■ **Task brief**:
Somewhere below are a line with "David Guetta vs." and a later line with "DPIRD digs into new soil plan". Output exactly those lines and all lines between them.
*** Material to process Section Begins ***
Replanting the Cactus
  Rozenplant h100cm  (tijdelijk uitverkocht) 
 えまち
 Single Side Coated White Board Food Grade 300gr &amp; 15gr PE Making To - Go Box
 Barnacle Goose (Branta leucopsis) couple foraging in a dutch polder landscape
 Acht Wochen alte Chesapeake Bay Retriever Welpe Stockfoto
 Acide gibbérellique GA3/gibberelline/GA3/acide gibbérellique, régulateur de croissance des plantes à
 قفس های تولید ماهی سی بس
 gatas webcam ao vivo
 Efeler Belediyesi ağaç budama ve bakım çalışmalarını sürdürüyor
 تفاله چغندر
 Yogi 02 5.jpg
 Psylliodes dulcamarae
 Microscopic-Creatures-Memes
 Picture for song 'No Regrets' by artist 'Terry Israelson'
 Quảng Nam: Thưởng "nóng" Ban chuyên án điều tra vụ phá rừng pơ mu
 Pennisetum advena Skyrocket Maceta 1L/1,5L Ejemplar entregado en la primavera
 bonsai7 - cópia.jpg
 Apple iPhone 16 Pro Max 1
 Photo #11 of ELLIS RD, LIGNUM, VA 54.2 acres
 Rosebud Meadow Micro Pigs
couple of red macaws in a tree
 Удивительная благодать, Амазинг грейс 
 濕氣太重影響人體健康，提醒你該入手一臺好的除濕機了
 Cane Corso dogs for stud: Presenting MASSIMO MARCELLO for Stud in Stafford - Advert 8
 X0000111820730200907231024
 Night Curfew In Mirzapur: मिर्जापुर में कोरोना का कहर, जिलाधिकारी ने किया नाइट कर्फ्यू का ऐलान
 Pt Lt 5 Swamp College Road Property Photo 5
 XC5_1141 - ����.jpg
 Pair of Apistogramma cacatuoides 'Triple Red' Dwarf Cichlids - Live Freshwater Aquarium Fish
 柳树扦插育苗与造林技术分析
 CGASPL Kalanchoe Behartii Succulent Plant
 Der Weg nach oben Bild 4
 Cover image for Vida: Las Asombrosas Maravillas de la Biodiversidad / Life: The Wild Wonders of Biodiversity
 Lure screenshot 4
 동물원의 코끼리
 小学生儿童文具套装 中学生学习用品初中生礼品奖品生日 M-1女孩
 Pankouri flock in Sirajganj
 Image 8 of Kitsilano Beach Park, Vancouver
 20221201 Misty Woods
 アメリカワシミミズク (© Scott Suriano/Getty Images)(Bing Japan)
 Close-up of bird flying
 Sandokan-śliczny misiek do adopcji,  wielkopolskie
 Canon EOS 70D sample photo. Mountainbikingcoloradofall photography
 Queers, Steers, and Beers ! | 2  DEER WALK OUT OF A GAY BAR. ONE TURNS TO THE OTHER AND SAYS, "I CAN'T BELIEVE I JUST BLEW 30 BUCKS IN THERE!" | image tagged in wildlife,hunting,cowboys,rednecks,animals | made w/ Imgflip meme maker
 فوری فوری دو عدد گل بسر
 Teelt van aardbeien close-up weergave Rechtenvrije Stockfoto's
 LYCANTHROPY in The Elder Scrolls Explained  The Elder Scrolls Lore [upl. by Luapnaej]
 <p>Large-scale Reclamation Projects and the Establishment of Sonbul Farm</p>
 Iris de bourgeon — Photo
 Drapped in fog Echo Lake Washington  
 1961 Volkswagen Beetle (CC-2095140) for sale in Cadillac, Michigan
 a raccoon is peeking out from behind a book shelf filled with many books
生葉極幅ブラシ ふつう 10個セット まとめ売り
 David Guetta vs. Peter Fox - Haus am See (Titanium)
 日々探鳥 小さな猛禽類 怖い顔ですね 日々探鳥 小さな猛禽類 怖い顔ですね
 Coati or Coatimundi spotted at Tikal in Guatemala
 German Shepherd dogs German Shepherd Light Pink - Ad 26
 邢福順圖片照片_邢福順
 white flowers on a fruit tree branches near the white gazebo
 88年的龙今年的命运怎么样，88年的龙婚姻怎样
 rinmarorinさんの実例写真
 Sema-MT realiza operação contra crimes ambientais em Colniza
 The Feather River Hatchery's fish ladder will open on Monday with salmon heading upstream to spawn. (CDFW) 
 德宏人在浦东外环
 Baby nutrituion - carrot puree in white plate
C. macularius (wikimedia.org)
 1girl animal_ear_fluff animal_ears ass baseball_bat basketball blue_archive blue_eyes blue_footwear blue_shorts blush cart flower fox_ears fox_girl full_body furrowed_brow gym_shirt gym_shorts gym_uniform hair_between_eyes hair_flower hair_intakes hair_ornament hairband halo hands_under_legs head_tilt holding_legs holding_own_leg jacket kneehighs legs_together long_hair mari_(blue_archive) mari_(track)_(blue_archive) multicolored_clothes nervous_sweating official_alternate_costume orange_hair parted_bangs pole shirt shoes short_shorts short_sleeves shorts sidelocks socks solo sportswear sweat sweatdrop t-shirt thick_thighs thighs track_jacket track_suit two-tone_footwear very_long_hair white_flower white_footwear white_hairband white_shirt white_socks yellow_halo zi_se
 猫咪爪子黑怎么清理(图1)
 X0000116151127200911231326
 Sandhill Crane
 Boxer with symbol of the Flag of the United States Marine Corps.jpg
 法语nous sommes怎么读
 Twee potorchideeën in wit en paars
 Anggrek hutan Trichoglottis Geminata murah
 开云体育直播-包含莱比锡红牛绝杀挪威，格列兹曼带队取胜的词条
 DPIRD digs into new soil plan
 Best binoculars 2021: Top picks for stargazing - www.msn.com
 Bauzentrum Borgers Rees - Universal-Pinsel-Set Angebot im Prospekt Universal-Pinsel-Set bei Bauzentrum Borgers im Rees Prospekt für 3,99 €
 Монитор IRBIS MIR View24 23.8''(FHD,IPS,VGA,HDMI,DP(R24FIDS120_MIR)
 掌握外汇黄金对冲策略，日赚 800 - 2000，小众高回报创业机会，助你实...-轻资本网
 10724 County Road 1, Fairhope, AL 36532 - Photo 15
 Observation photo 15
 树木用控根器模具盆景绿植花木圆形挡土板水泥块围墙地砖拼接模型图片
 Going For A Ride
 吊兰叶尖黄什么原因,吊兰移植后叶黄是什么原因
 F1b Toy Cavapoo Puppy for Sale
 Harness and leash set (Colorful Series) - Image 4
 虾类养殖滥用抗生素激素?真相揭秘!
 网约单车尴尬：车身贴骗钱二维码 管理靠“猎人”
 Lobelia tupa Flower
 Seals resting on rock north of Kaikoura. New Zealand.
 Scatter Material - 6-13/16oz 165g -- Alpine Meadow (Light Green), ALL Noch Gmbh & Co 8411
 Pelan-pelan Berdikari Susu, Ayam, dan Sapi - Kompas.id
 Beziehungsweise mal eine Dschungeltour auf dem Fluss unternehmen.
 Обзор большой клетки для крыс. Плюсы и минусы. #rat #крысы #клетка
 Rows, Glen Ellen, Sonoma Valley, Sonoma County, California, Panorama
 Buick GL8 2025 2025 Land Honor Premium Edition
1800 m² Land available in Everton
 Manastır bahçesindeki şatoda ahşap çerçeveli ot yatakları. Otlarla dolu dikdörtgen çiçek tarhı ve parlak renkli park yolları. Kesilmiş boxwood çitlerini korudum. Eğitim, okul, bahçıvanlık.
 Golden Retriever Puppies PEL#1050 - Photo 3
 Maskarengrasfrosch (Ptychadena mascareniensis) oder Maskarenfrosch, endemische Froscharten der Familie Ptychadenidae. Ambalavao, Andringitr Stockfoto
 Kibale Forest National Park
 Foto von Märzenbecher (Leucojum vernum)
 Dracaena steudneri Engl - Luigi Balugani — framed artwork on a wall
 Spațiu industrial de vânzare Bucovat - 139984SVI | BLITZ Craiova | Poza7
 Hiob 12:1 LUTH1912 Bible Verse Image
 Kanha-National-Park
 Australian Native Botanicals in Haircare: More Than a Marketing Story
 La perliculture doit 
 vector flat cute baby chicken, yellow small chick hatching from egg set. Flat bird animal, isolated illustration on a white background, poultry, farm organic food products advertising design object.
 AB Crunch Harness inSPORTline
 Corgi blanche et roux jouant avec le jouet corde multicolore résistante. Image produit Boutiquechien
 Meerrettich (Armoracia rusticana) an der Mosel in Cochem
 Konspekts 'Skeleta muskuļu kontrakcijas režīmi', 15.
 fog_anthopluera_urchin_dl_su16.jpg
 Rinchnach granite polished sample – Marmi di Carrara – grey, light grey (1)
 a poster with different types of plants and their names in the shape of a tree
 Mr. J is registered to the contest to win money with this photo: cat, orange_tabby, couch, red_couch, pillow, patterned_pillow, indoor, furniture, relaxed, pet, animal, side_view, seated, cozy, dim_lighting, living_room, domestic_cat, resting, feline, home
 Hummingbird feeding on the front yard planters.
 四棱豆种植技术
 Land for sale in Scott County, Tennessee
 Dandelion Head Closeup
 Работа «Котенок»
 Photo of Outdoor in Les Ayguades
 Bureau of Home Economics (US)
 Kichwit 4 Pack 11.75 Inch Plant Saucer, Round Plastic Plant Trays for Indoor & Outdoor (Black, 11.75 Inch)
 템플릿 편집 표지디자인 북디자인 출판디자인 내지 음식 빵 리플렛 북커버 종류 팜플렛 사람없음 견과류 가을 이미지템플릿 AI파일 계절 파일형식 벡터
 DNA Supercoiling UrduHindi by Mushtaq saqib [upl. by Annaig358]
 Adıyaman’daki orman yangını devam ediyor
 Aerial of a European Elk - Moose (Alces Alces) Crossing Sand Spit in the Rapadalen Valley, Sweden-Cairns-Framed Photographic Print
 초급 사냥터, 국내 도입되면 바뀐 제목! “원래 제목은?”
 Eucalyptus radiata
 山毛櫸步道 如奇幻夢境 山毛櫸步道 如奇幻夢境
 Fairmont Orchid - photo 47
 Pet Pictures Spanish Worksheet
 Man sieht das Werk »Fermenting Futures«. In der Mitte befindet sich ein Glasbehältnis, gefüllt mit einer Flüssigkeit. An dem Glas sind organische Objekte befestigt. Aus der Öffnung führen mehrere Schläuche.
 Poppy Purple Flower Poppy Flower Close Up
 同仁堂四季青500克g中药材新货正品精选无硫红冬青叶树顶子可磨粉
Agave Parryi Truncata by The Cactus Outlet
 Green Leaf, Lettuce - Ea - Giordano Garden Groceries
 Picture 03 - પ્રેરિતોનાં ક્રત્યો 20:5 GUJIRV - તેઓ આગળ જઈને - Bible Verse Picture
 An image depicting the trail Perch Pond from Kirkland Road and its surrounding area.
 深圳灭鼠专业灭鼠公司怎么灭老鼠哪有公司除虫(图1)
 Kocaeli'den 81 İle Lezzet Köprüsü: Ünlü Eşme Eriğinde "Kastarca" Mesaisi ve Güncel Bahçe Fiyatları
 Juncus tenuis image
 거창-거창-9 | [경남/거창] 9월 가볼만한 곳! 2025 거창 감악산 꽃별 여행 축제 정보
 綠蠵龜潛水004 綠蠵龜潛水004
*** Material to process Section Ends ***
■ **Solution**:
 David Guetta vs. Peter Fox - Haus am See (Titanium)
 日々探鳥 小さな猛禽類 怖い顔ですね 日々探鳥 小さな猛禽類 怖い顔ですね
 Coati or Coatimundi spotted at Tikal in Guatemala
 German Shepherd dogs German Shepherd Light Pink - Ad 26
 邢福順圖片照片_邢福順
 white flowers on a fruit tree branches near the white gazebo
 88年的龙今年的命运怎么样，88年的龙婚姻怎样
 rinmarorinさんの実例写真
 Sema-MT realiza operação contra crimes ambientais em Colniza
 The Feather River Hatchery's fish ladder will open on Monday with salmon heading upstream to spawn. (CDFW) 
 德宏人在浦东外环
 Baby nutrituion - carrot puree in white plate
C. macularius (wikimedia.org)
 1girl animal_ear_fluff animal_ears ass baseball_bat basketball blue_archive blue_eyes blue_footwear blue_shorts blush cart flower fox_ears fox_girl full_body furrowed_brow gym_shirt gym_shorts gym_uniform hair_between_eyes hair_flower hair_intakes hair_ornament hairband halo hands_under_legs head_tilt holding_legs holding_own_leg jacket kneehighs legs_together long_hair mari_(blue_archive) mari_(track)_(blue_archive) multicolored_clothes nervous_sweating official_alternate_costume orange_hair parted_bangs pole shirt shoes short_shorts short_sleeves shorts sidelocks socks solo sportswear sweat sweatdrop t-shirt thick_thighs thighs track_jacket track_suit two-tone_footwear very_long_hair white_flower white_footwear white_hairband white_shirt white_socks yellow_halo zi_se
 猫咪爪子黑怎么清理(图1)
 X0000116151127200911231326
 Sandhill Crane
 Boxer with symbol of the Flag of the United States Marine Corps.jpg
 法语nous sommes怎么读
 Twee potorchideeën in wit en paars
 Anggrek hutan Trichoglottis Geminata murah
 开云体育直播-包含莱比锡红牛绝杀挪威，格列兹曼带队取胜的词条
 DPIRD digs into new soil plan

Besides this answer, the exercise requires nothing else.